§ Exercise description:
Print the entries below again exactly as they stand, but skip any picture.

§ Supplied material:
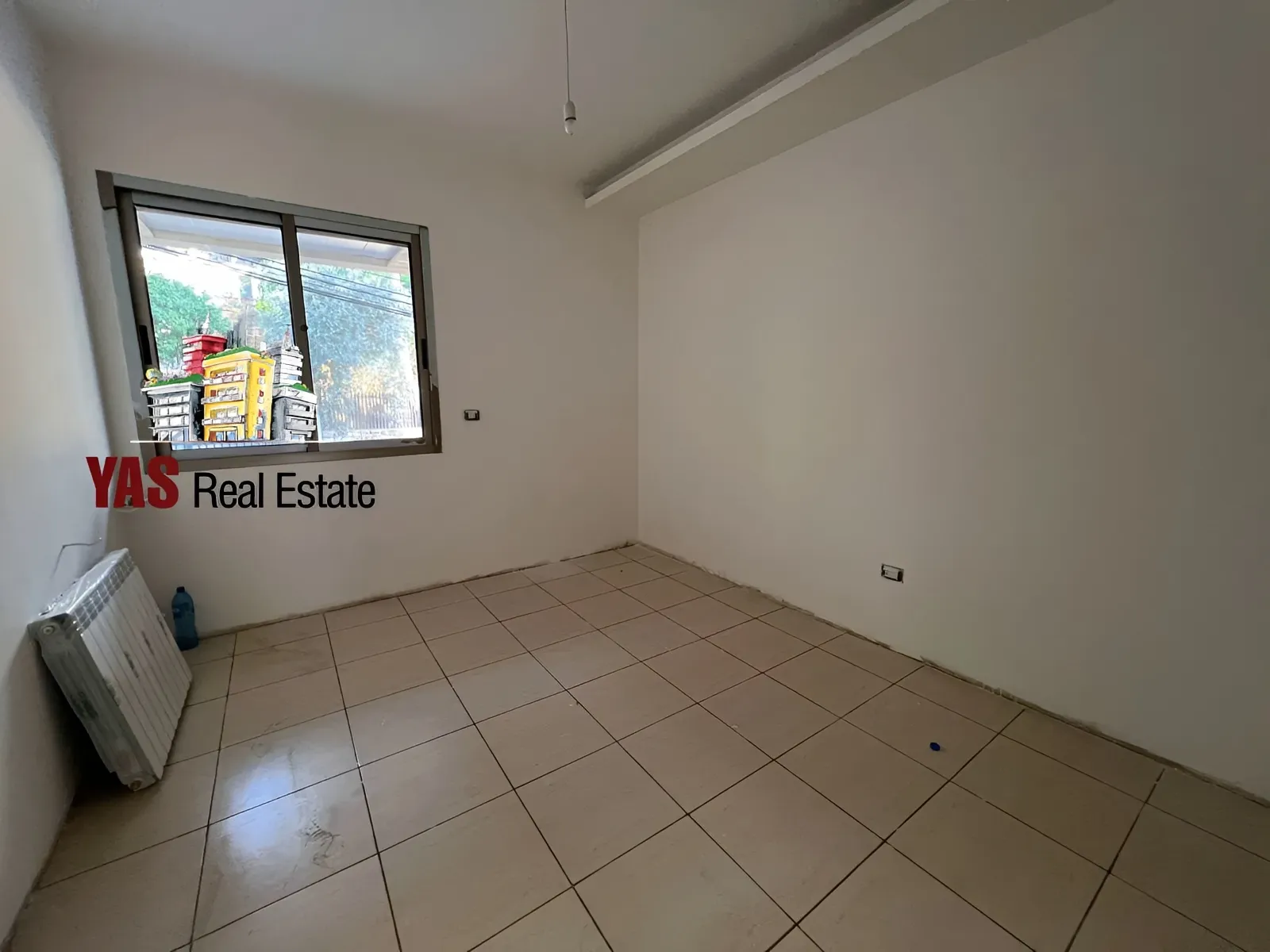Apartment for Sale in Beit El Chaar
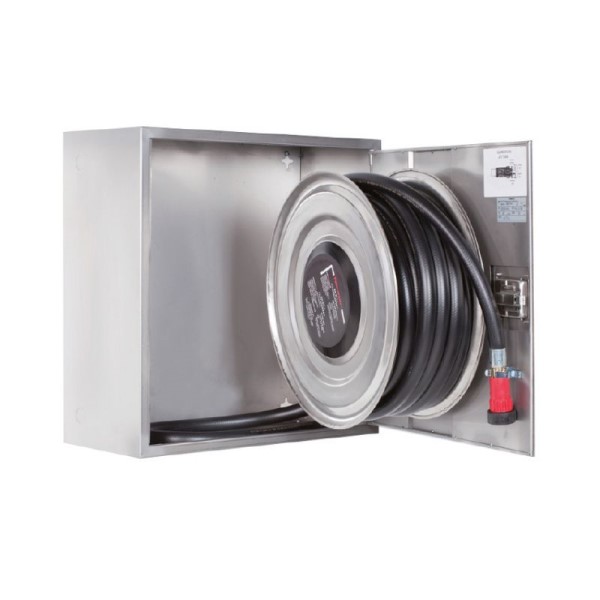 PV-10 sl. í kassa 19/25 ryðfrí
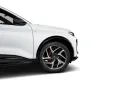Audi Q6 SUV e-tron qu.S line 285 kW 547km/WLTP*Air*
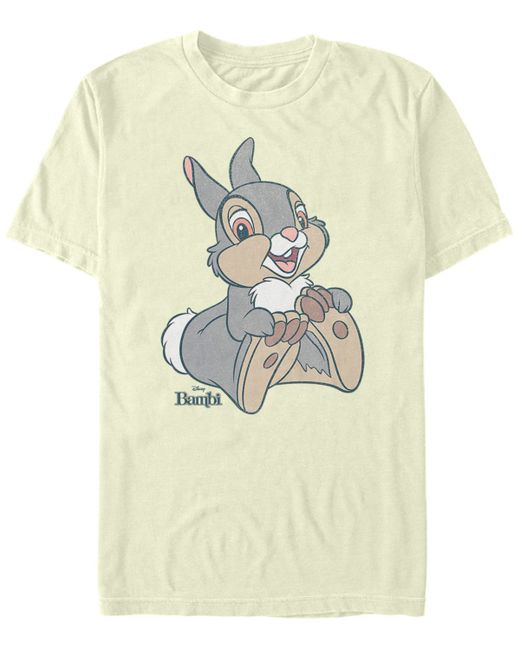 Fifth Sun Big Thumper Short Sleeve T-Shirt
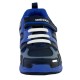 Basket Geox Enfant/Garçons J Dakin B.C - PRINT.DBK+TEXT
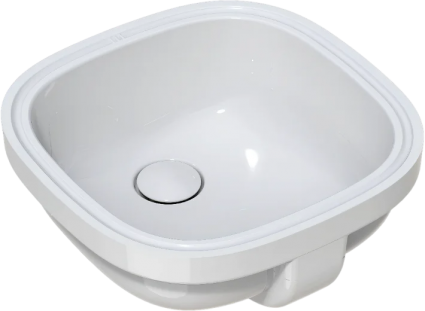 Раковина ARROW AP41011B 46, белый глянец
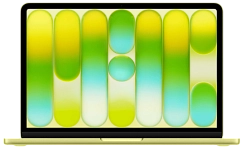 Ноутбук Apple MacBook Neo 13 A18 Pro 8GB 256GB SSD Citrus (MHFD4) 250_100_682308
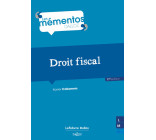 Droit fiscal. 17e éd.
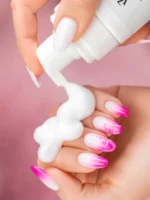Victoria VYNN Senso Love Me Hand Wash Image 4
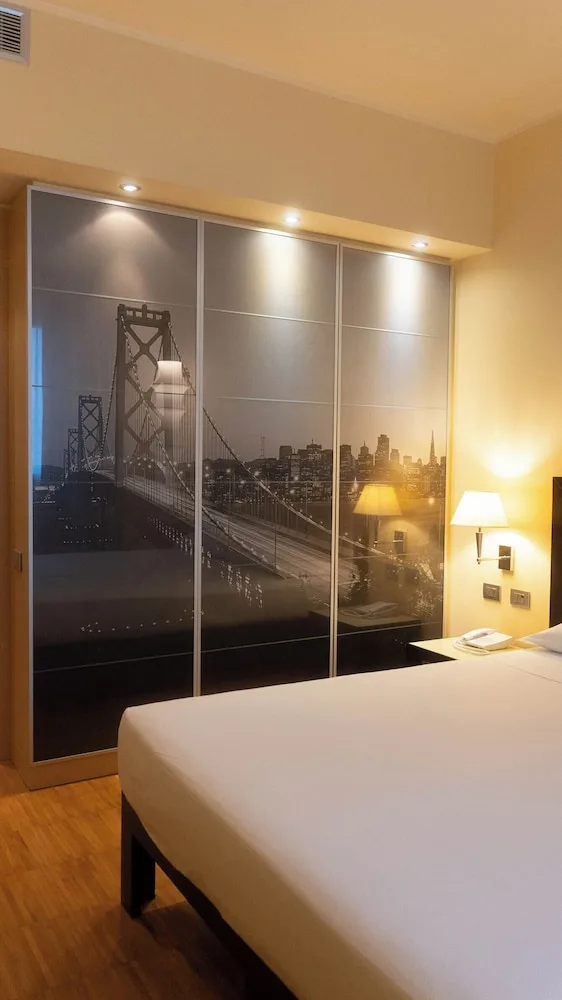 غرفة سوبيريور، Hotel Cruise 8/10
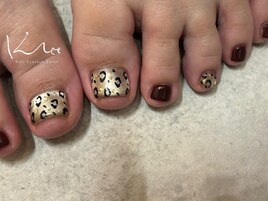 FOOT定額KleeDesign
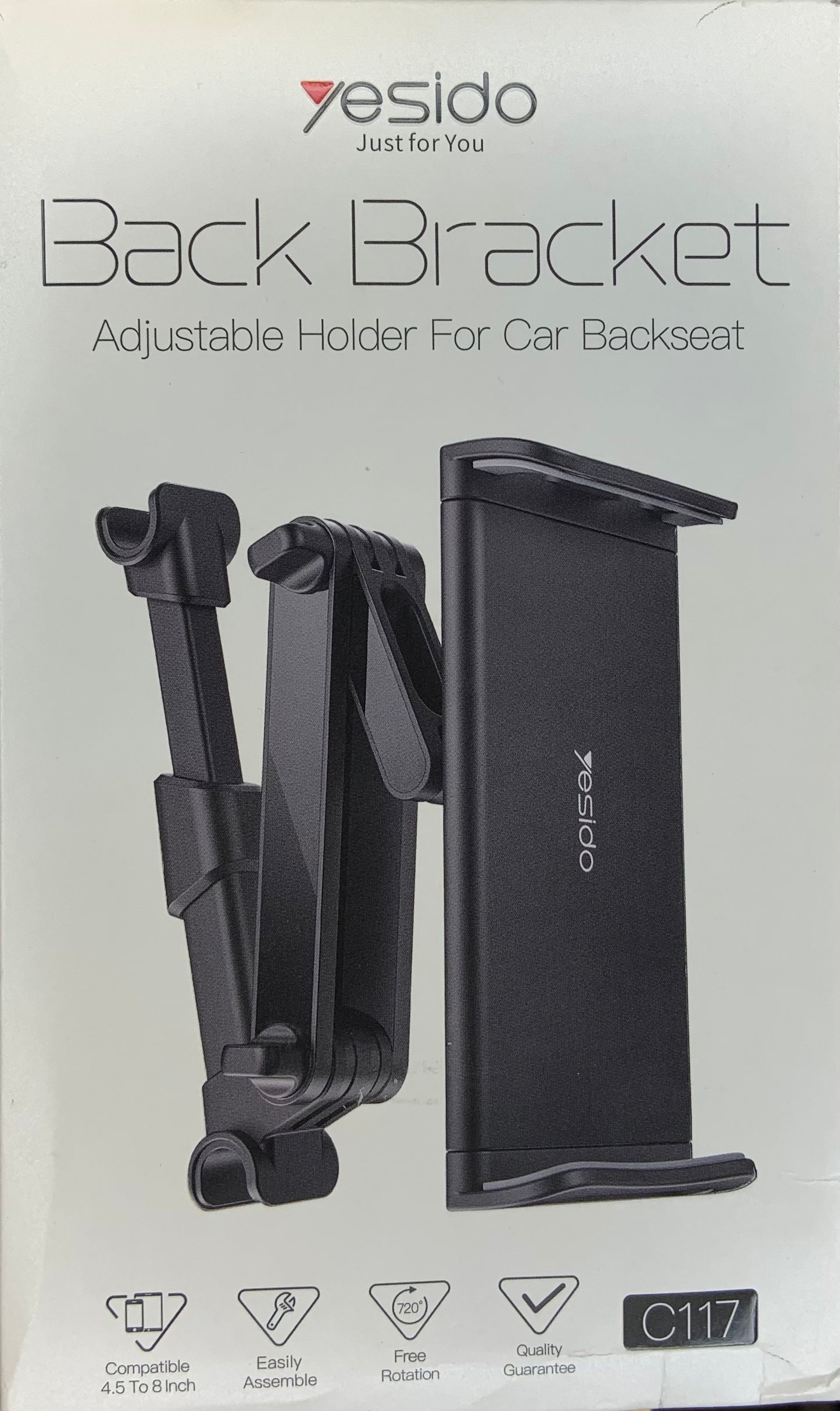 Car Holder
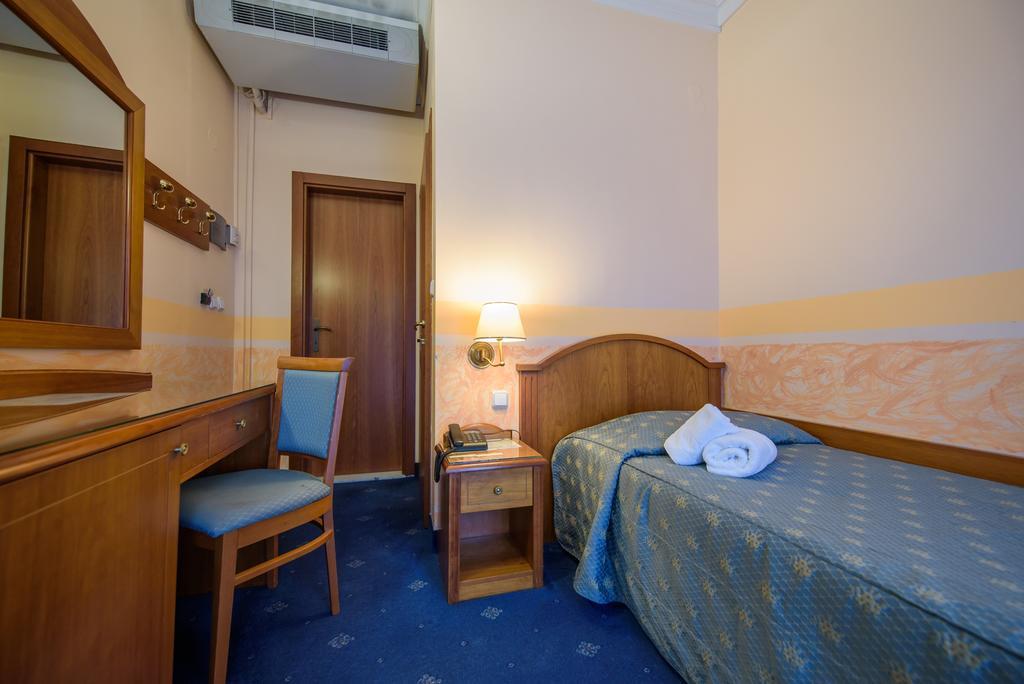 Hotel Kastoria In Kastoria City Экстерьер фото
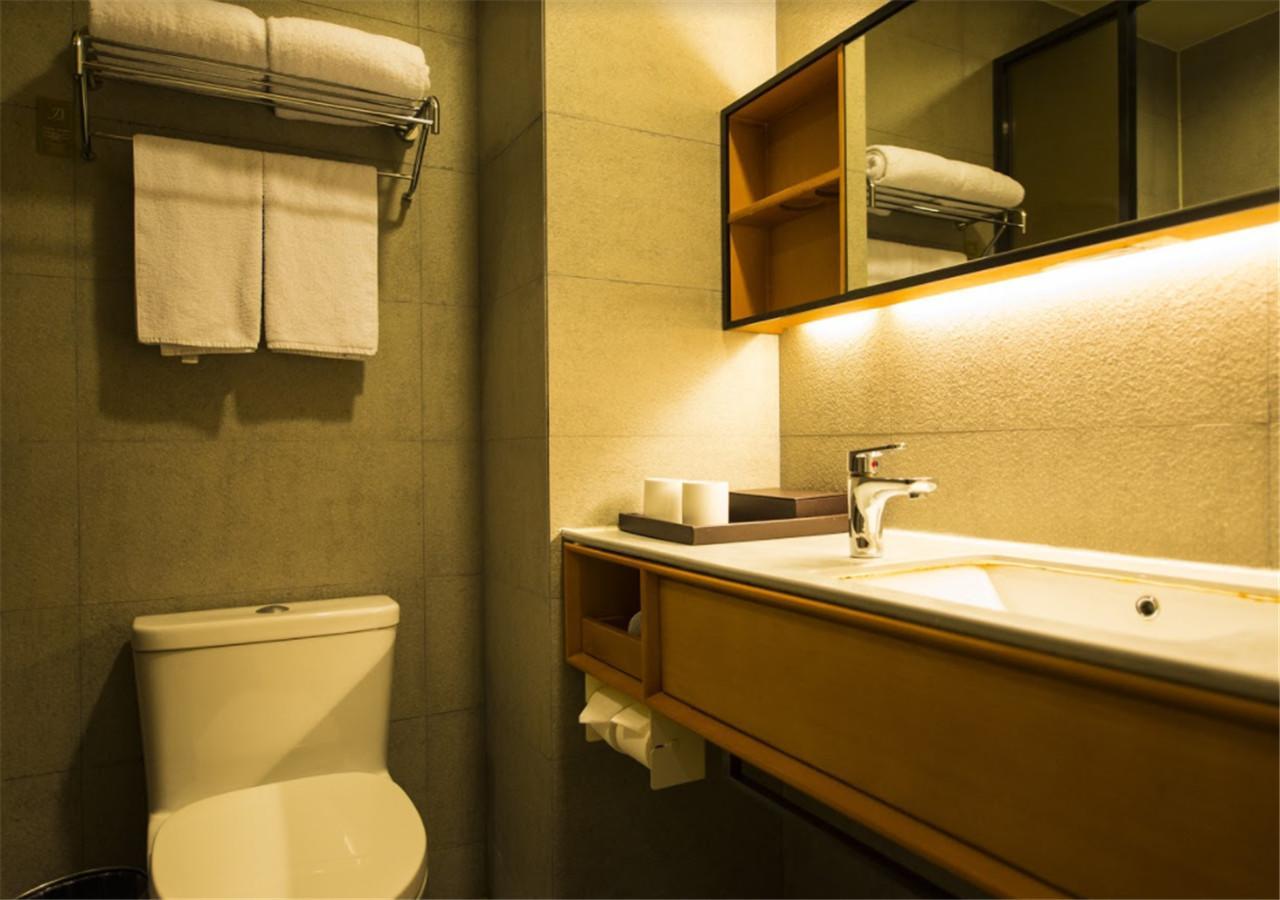 Ji Hotel Panjin Railway Station Екстериор снимка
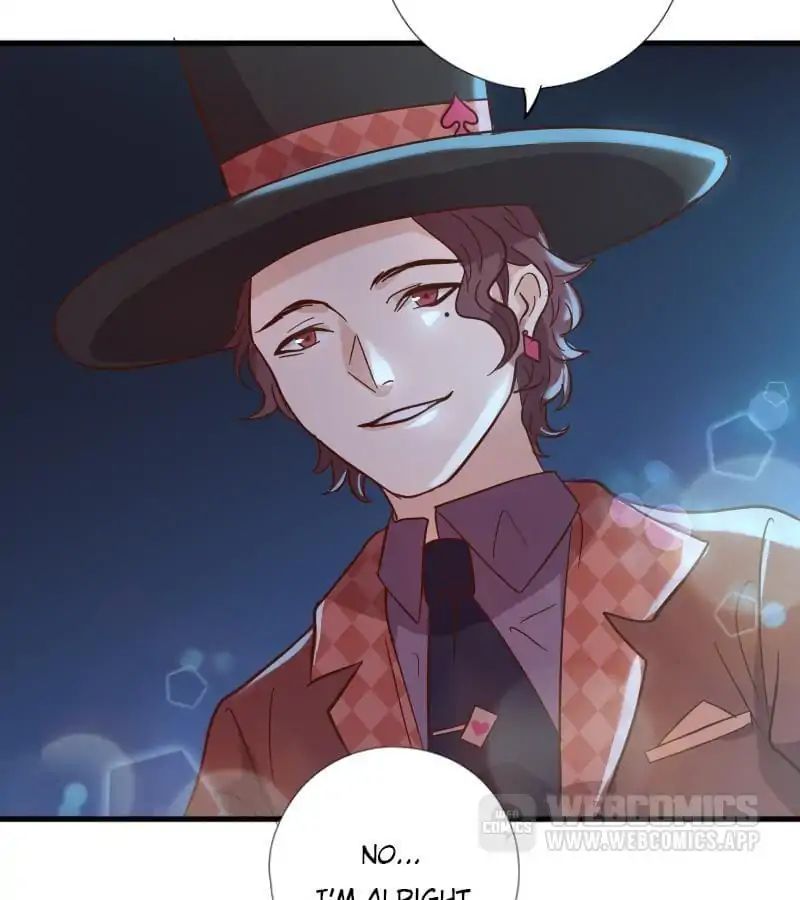 Read I Work for the Matchmaker chapter 19 image 41 on Lezhin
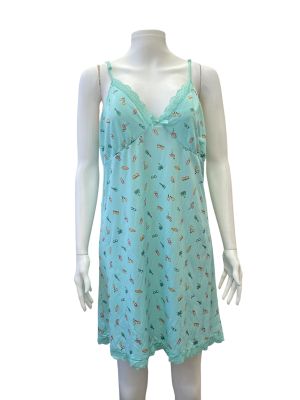 Дамска нощница LOVE TO LOUNGE L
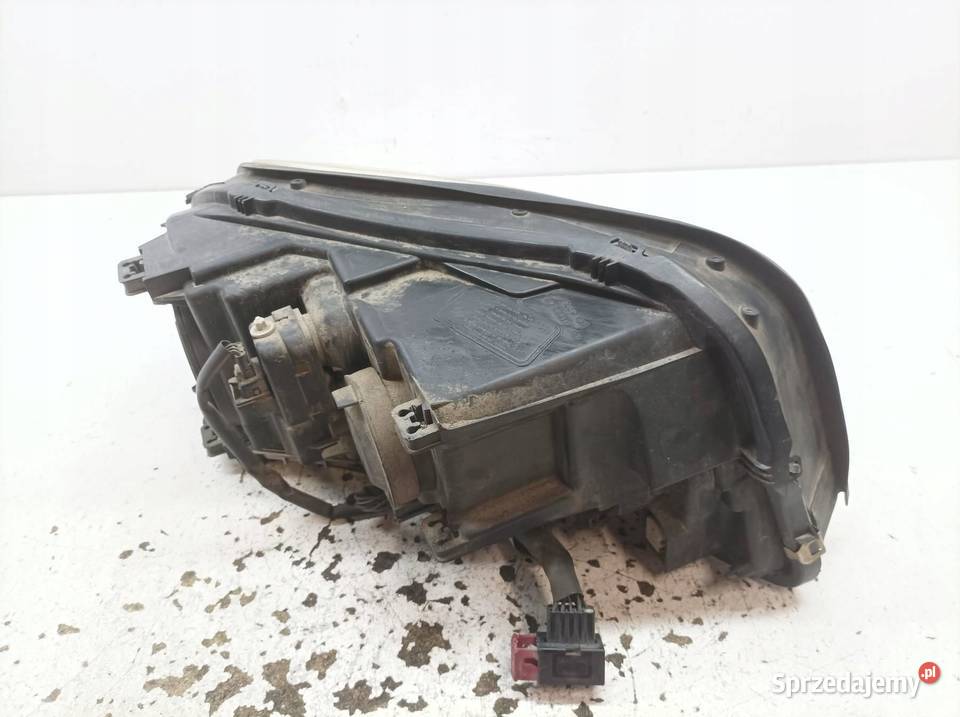 LAMPA PRZÓD LEWA LIFT XENON Volvo XC 90 I świętokrzyskie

§ Solved exercise:
Apartment for Sale in Beit El Chaar
 PV-10 sl. í kassa 19/25 ryðfrí
Audi Q6 SUV e-tron qu.S line 285 kW 547km/WLTP*Air*
 Fifth Sun Big Thumper Short Sleeve T-Shirt
 Basket Geox Enfant/Garçons J Dakin B.C - PRINT.DBK+TEXT
 Раковина ARROW AP41011B 46, белый глянец
 Ноутбук Apple MacBook Neo 13 A18 Pro 8GB 256GB SSD Citrus (MHFD4) 250_100_682308
 Droit fiscal. 17e éd.
Victoria VYNN Senso Love Me Hand Wash Image 4
 غرفة سوبيريور، Hotel Cruise 8/10
 FOOT定額KleeDesign
 Car Holder
 Hotel Kastoria In Kastoria City Экстерьер фото
 Ji Hotel Panjin Railway Station Екстериор снимка
 Read I Work for the Matchmaker chapter 19 image 41 on Lezhin
 Дамска нощница LOVE TO LOUNGE L
 LAMPA PRZÓD LEWA LIFT XENON Volvo XC 90 I świętokrzyskie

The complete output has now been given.